La seconde soirée passa comme un rêve. Un rêve néoclassique. Avant l'entracte, on était dans l'époque – fin de la Première Guerre mondiale et début de la révolution russe - avec sa première Symphonie justement dite Classique et le 1er Concerto pour violon. La première pièce a la dégaine de la première école de Vienne en réaction sans doute aux épanchements romantiques de Tchaïkovski. A écouter plus en détail, Prokofiev y ajoute un peu de poil à gratter qui évite l'écueil de la rondeur. Les violons de Saint-Pétersbourg si extraordinaires par leur absolue homogénéité se font mordants, acérés, jouant en lame de couteau : la forme est classique, le timbre moderne. Le Sacre du printemps est passé par là cinq ans auparavant! Mais tout cela ne veut pas être trop sérieux. Les fusées du finale retombent en gerbes d'étincelles, on frise l'espagnolade, mais ça n'était qu'une plaisanterie musicale. D'ailleurs, le professeur Temirkanov plie sagement ses petites lunettes de métal très pince sans rire.

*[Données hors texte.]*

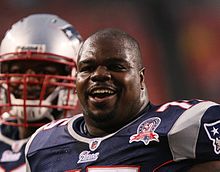 Vince Wilfork from the shoulders up wearing a Patriots jersey with no helmet on.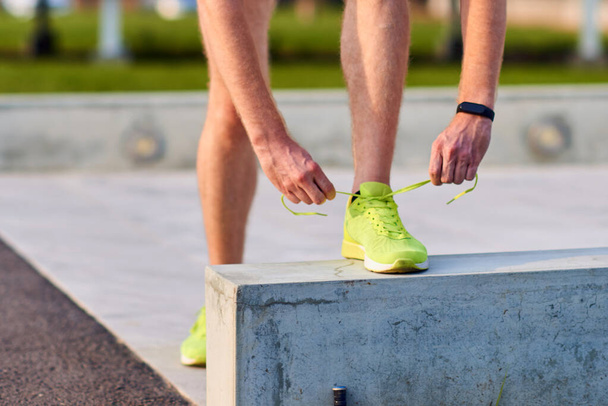 Giovane uomo moderno legare scarpe da corsa in un parco urbano
. - Foto, immagini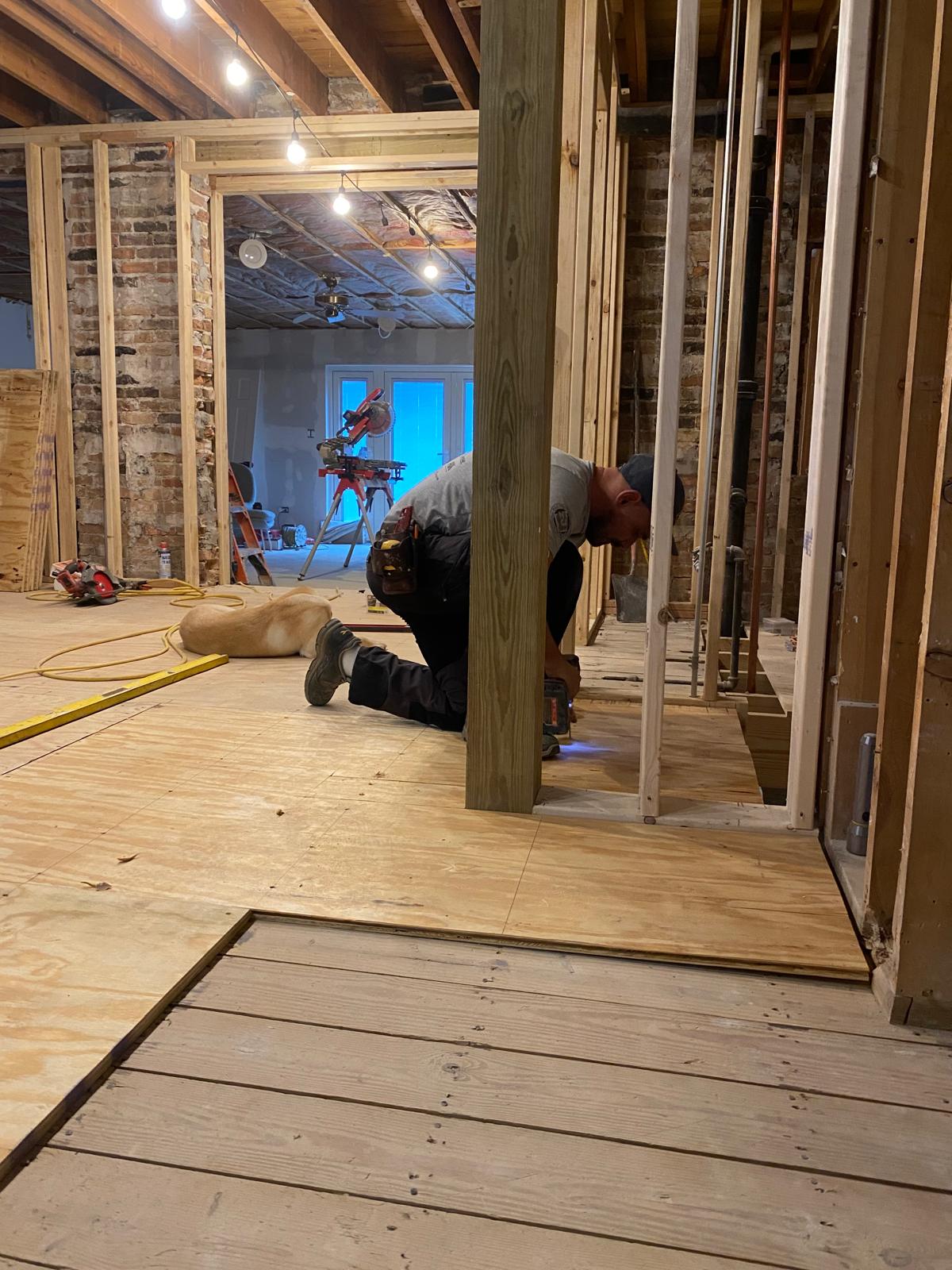 Construction worker installing wooden framing and flooring during a residential remodeling project, showcasing precision and craftsmanship by SGC Constructor.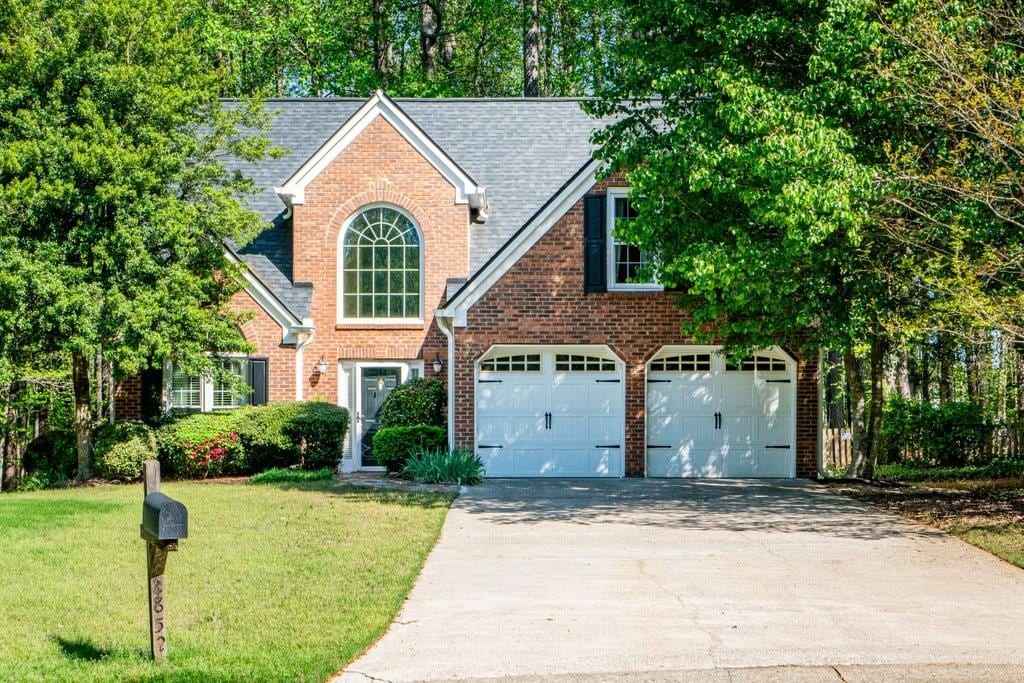 traditional-style house with a garage, roof with shingles, a front lawn, brick siding, and concrete driveway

Il en va de même du Concerto op 19 virtuose, mais léger. Léger comme la magnifique soliste, l'Allemande Julia Fischer qui du haut de ses vingt-cinq ans se rie des pires acrobaties, sans jamais quitter la seule musique de sa ligne de visée. Quand on songe à un certains nombre de singes extrême-orientaux dans ce genre de répertoire, on est bouleversé par tant d'authenticité et de respect de l'oeuvre. Youri Temirkanov garde le cap après l'entracte avec la Symphonie N° 5, fille de la Seconde Guerre mondiale et fortement influencée par les diktats du censeur Khrennikov : fuir les recherches bourgeoises pour faire dans le « popu »... Tu parles !
Temirkanov redouble d'aristocratie et d'intelligence: car les petites lunettes du professeur voient à travers la partition tous les non-dits écrits en filigrane pour notre bonheur. Prokofiev a la gouaille élégante : le chef ne fait jamais « ronfler » l'orchestre pour mieux mettre au jour la pudeur blessée du compositeur qui se réfugie dans un néoclassicisme consolateur et salvateur. Non qu'il cède cette fois à une mode comme au temps de sa jeunesse, avant l'entracte, mais aux ordres des petits chefs de la propagande soviétique. Mais de cette contrainte, il sait faire naître un chef-d'oeuvre. C'est Temirkanov qui nous le dit sans jamais s'apesantir. Un professeur d'élégance sensible.
Jacques Doucelin
Paris, Théâtre des Champs-Elysées, 5 décembre, 2008
(a)France Musique diffuse ces deux concerts les mardi 16 et jeudi 18 décembre à 14h30.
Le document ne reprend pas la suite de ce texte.